Exercise: The answer should hold only the lines from the one containing "2018 Ford F-250 Xl VIN:1FT7X2A68JEC83907 - 14" through the one containing "Fahrzeugabbildung BMW 523" in the entries below, copied exactly, without pictures.

Data provided:
──────────
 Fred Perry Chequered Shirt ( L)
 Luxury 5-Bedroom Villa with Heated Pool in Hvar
──────────
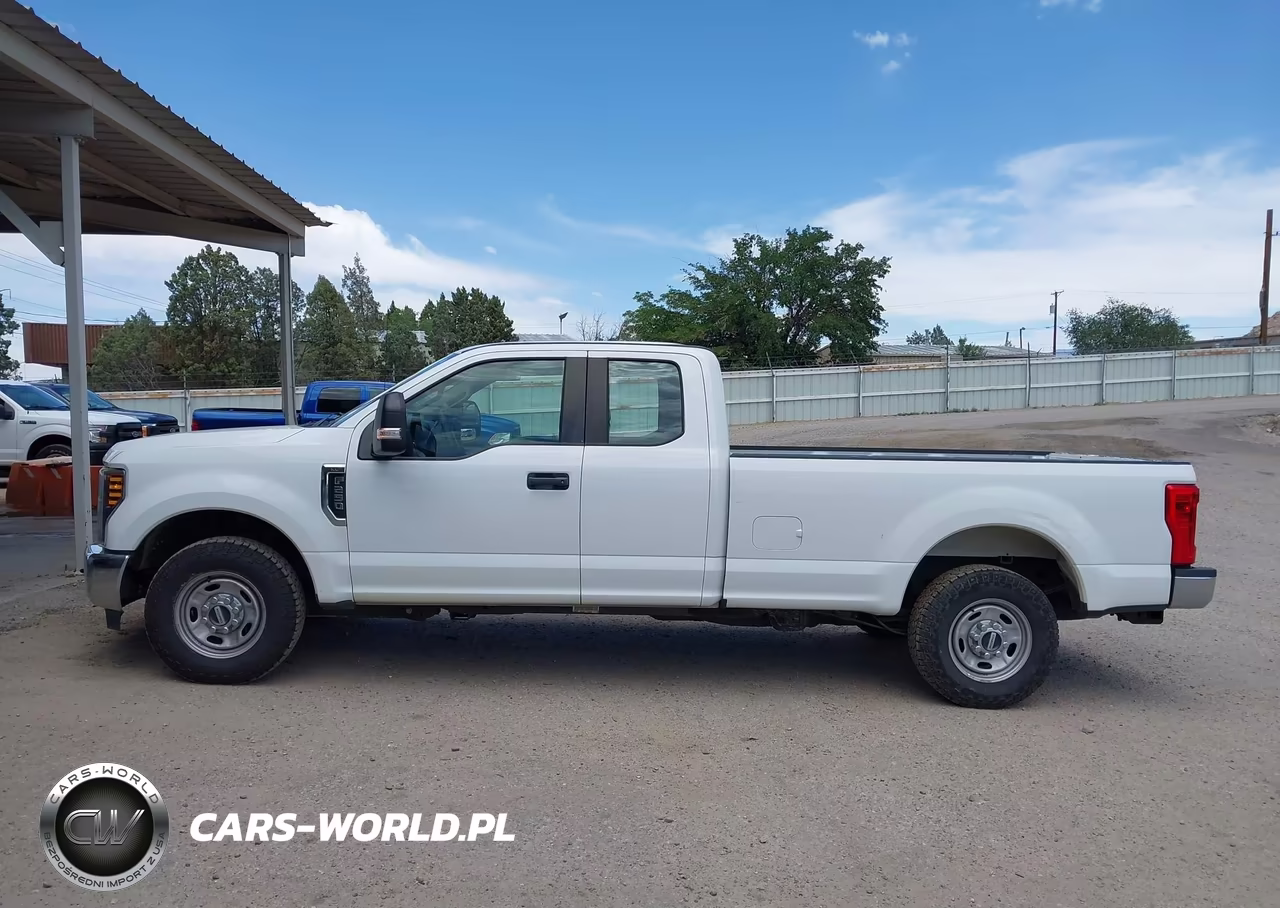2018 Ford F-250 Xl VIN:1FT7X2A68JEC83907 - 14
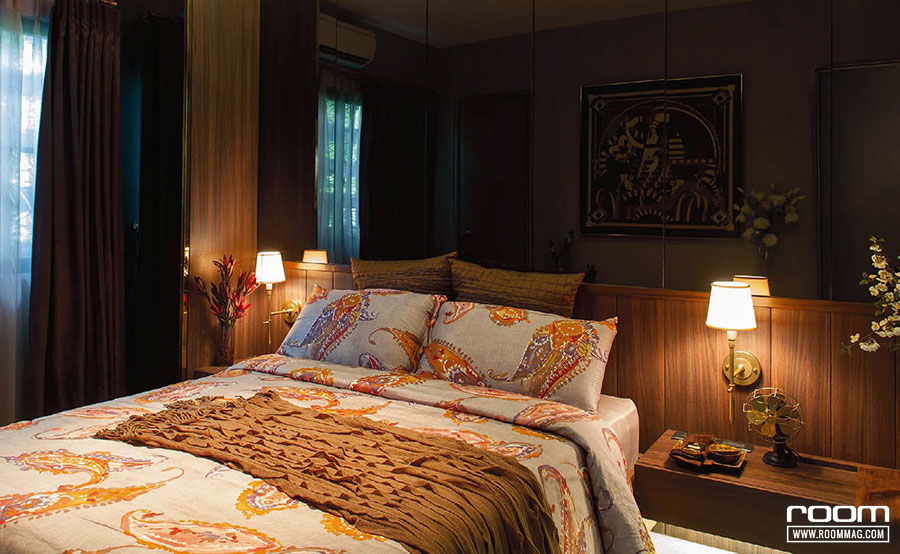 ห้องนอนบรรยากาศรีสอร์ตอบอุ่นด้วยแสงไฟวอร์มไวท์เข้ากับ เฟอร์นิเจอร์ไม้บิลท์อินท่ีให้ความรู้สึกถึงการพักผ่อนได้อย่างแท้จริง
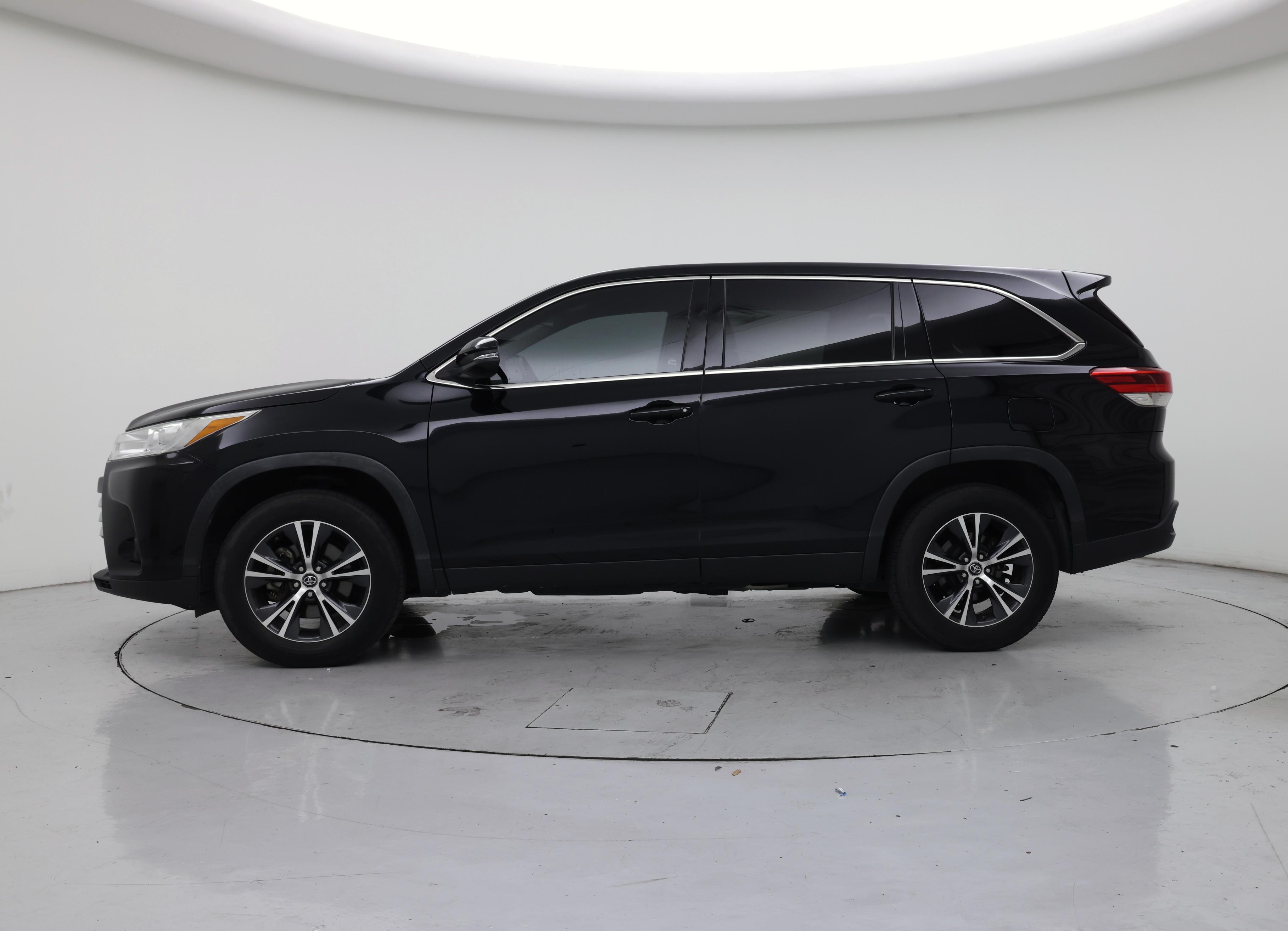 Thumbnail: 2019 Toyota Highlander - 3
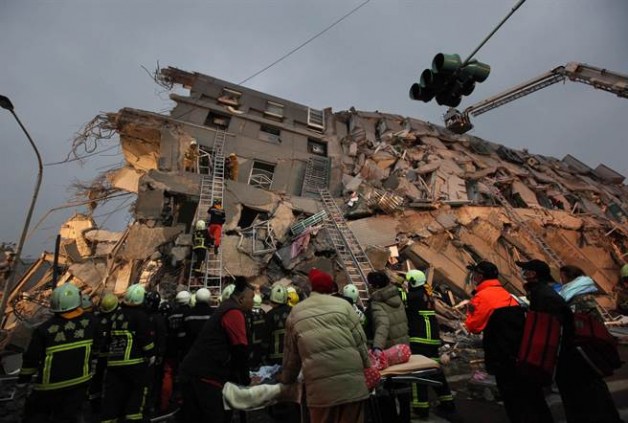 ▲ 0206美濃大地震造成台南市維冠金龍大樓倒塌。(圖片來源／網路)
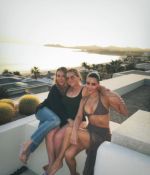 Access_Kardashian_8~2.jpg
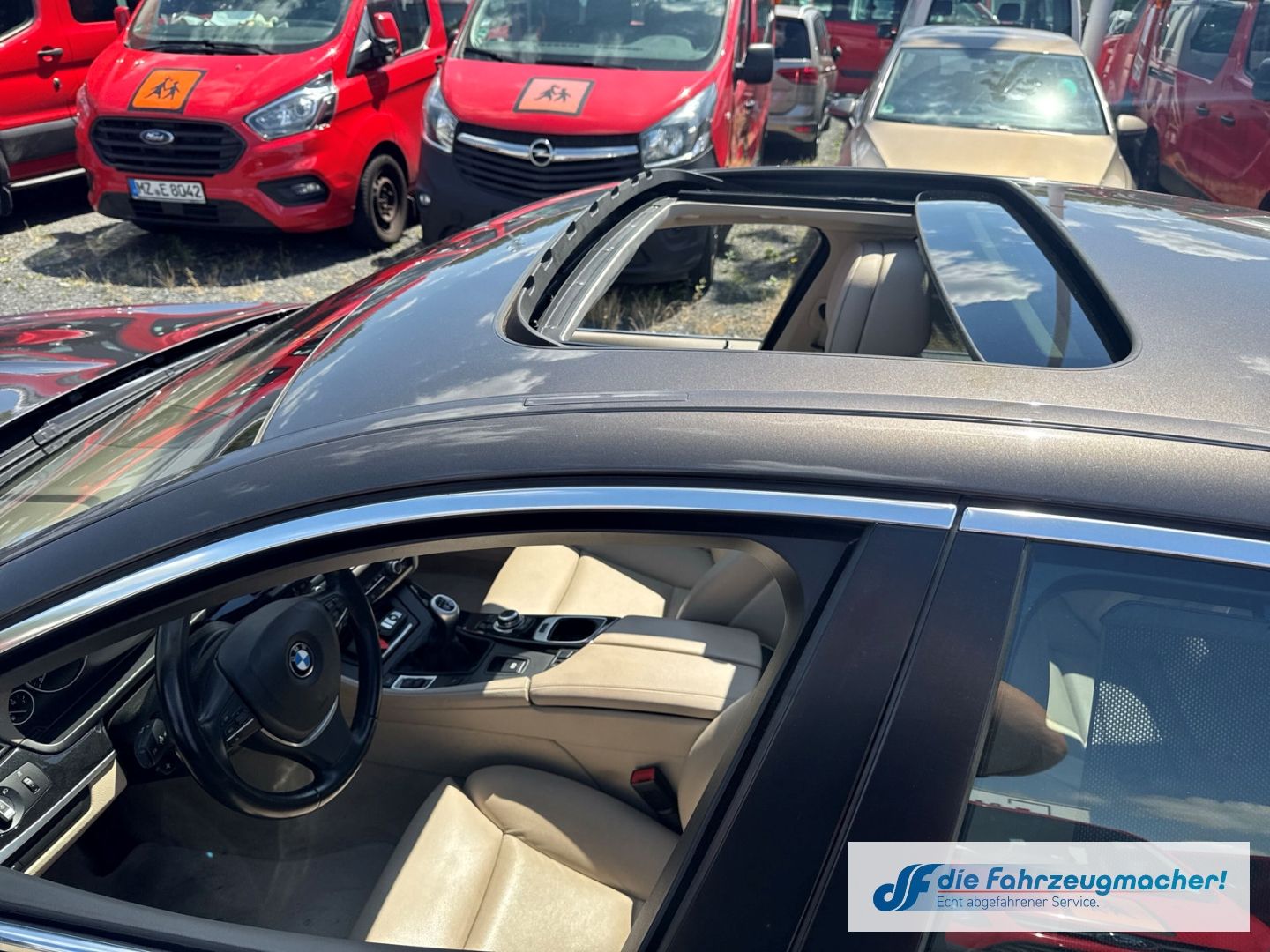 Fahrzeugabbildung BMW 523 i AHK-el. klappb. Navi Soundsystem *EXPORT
──────────
Task answer:
2018 Ford F-250 Xl VIN:1FT7X2A68JEC83907 - 14
 ห้องนอนบรรยากาศรีสอร์ตอบอุ่นด้วยแสงไฟวอร์มไวท์เข้ากับ เฟอร์นิเจอร์ไม้บิลท์อินท่ีให้ความรู้สึกถึงการพักผ่อนได้อย่างแท้จริง
 Thumbnail: 2019 Toyota Highlander - 3
 ▲ 0206美濃大地震造成台南市維冠金龍大樓倒塌。(圖片來源／網路)
 Access_Kardashian_8~2.jpg
 Fahrzeugabbildung BMW 523 i AHK-el. klappb. Navi Soundsystem *EXPORT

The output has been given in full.